# [MATERIAL PROVIDED]
^^^^^^^^
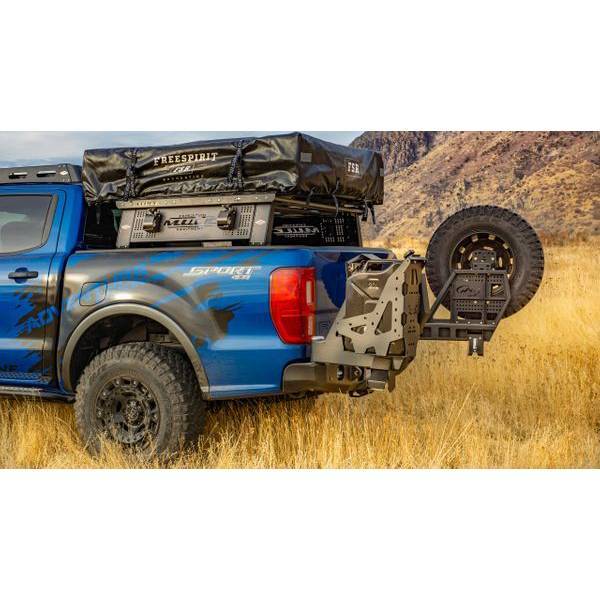 Expedition One - Expedition One FORDRNGR-2019+-RB-DSTC-PC RangeMax Rear Bumper with Dual Swing Out Tire Carrier for Ford Ranger 2019-2022 - Textured Black Powder Coat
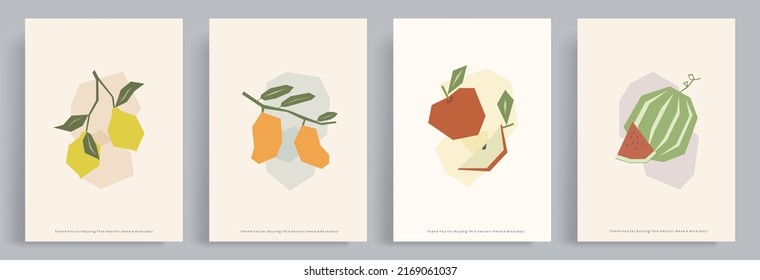 4 sets of natural geometric minimalist vector backgrounds. Lemons, mangoes, apples, watermelons. Boho style and natural retro vintage colours. Suitable for poster, decoration, social media, banner,add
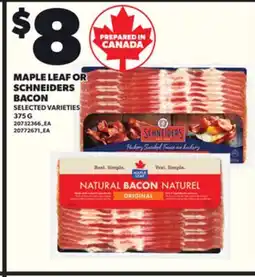 Loblaws MAPLE LEAF OR SCHNEIDERS BACON, 375 G3 offer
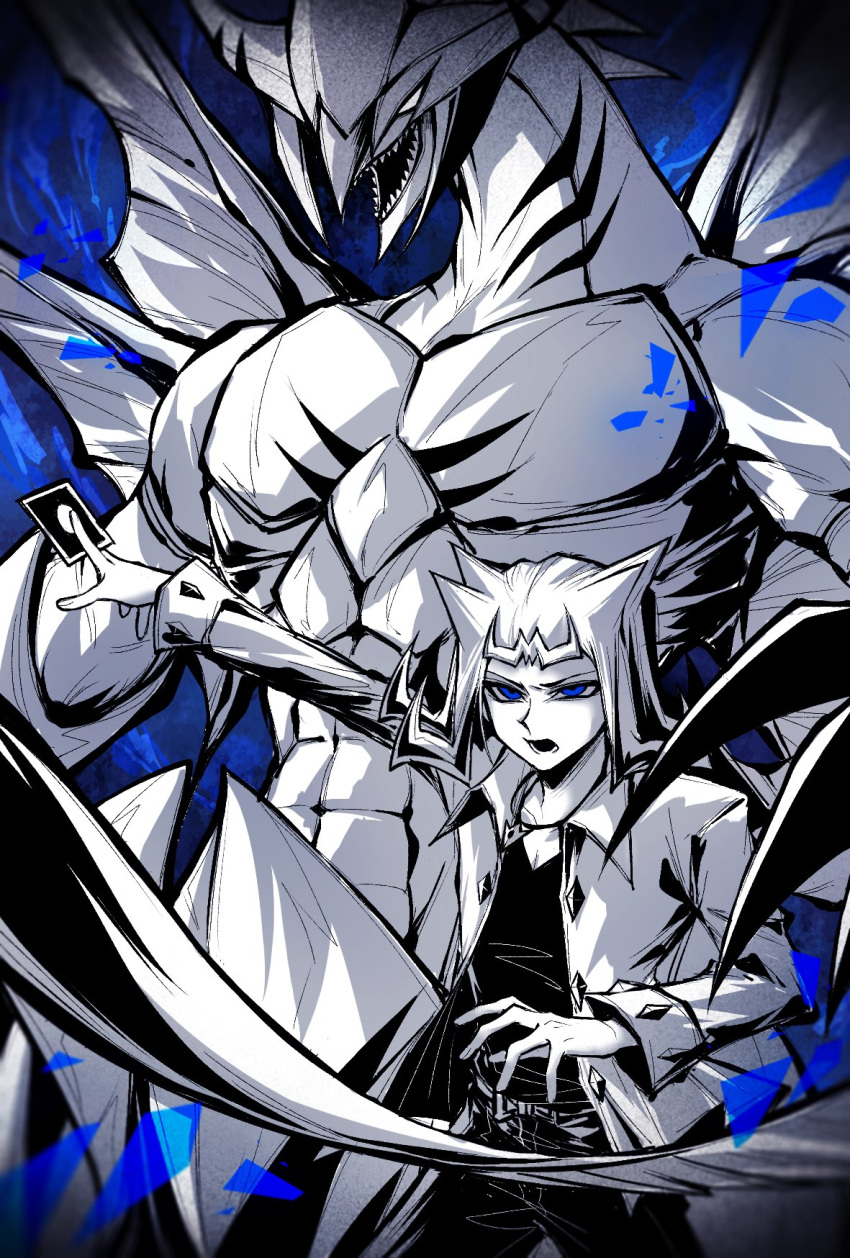 1boy, 1other, abs, annoyed, arm_fins, bahamut_shark, behind_another, black_pants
^^^^^^^^
# [AIM OF THE TASK]
Leaving the pictures out, output the material exactly as it appears.

# [SOLUTION TO THIS PROBLEM]
 Expedition One - Expedition One FORDRNGR-2019+-RB-DSTC-PC RangeMax Rear Bumper with Dual Swing Out Tire Carrier for Ford Ranger 2019-2022 - Textured Black Powder Coat
 4 sets of natural geometric minimalist vector backgrounds. Lemons, mangoes, apples, watermelons. Boho style and natural retro vintage colours. Suitable for poster, decoration, social media, banner,add
 Loblaws MAPLE LEAF OR SCHNEIDERS BACON, 375 G3 offer
 1boy, 1other, abs, annoyed, arm_fins, bahamut_shark, behind_another, black_pants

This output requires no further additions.